JPMorgan Chase Will Pay $2.5 Million For Secretly Charging Extra Fees In Crypto Purchases

  


After fighting a legal case for two years, America’s largest bank, JPMorgan Chase will pay $2.5 million to settle a class-action lawsuit over extra fees on cryptocurrency purchases. 

In 2018, the plaintiffs – Brady Tucker, Ryan Hilton, and Stanton Smith – filed the lawsuit against JPMorgan in a Manhattan federal court, accusing the bank of charging customers additional fees in the form of cash advances for crypto purchases made with Chase credit cards.  

JPMorgan Secretly Updated T&C

The trouble started in early 2018 during the period of the crypto bull market, when several banks, including JPMorgan, decided to block their customers from purchasing cryptocurrencies using credit cards. 

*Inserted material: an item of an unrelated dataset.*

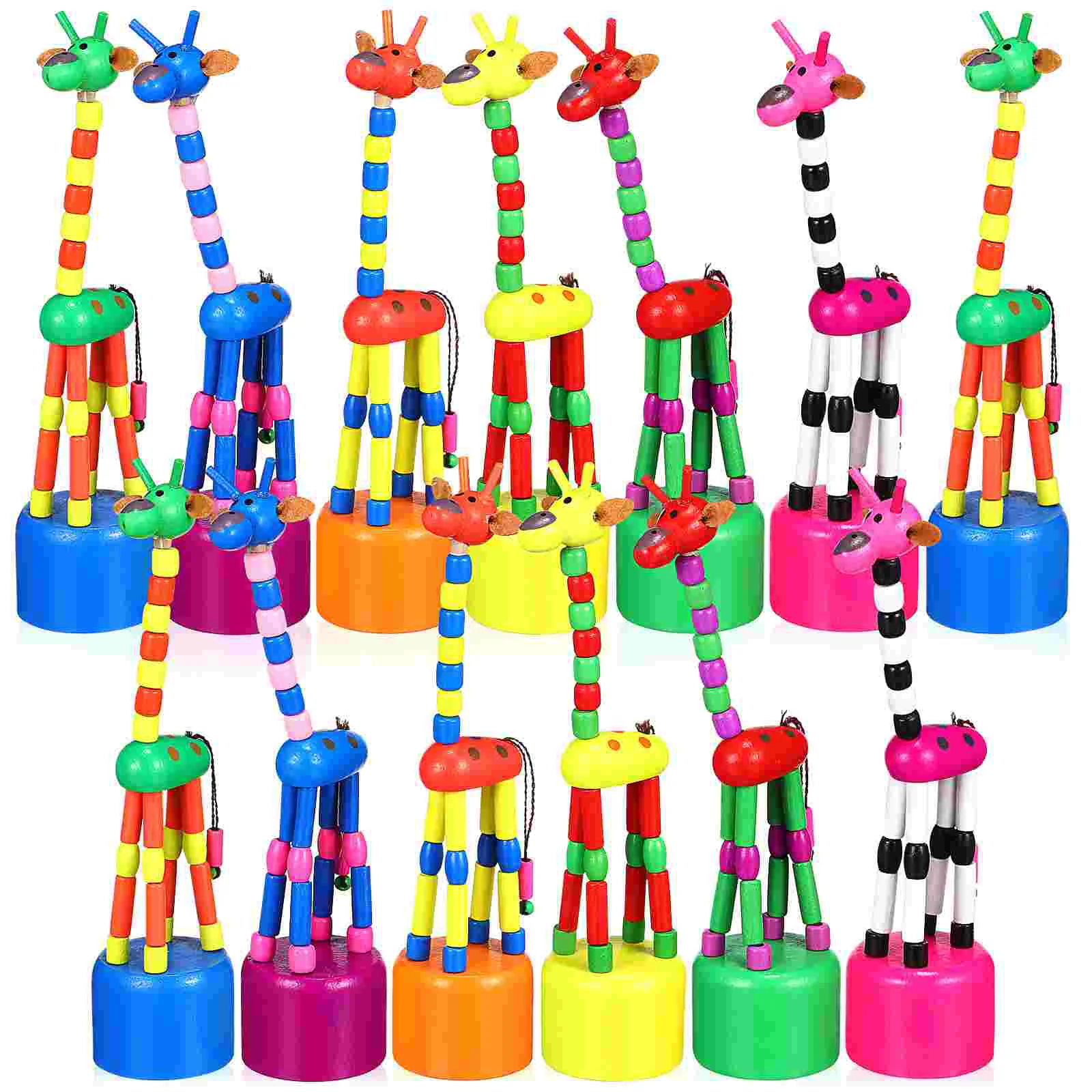 15 Pcs Wooden Giraffe Decorate Toy for Kids Animals Figures Figurine Desk Telescopic Toys Statues Child Decoration european retro bookends ornaments decorate relojes garming wooden costura accesorios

However, JPMorgan did not immediately inform clients that it had started treating credit card purchases of digital assets as cash advances. The banking giant only announced on this update ten days after implementing the changes, a move the plaintiffs considered as a violation of cardholders’ terms of service.

Tucker, who initially filed the lawsuit before filing an amended complaint with Hilton and Smith, claimed that Chase not only charged him extra fees but also charged higher interest rates on the cash advances. According to him, the bank refused to refund the excess fees after calling the bank to complain.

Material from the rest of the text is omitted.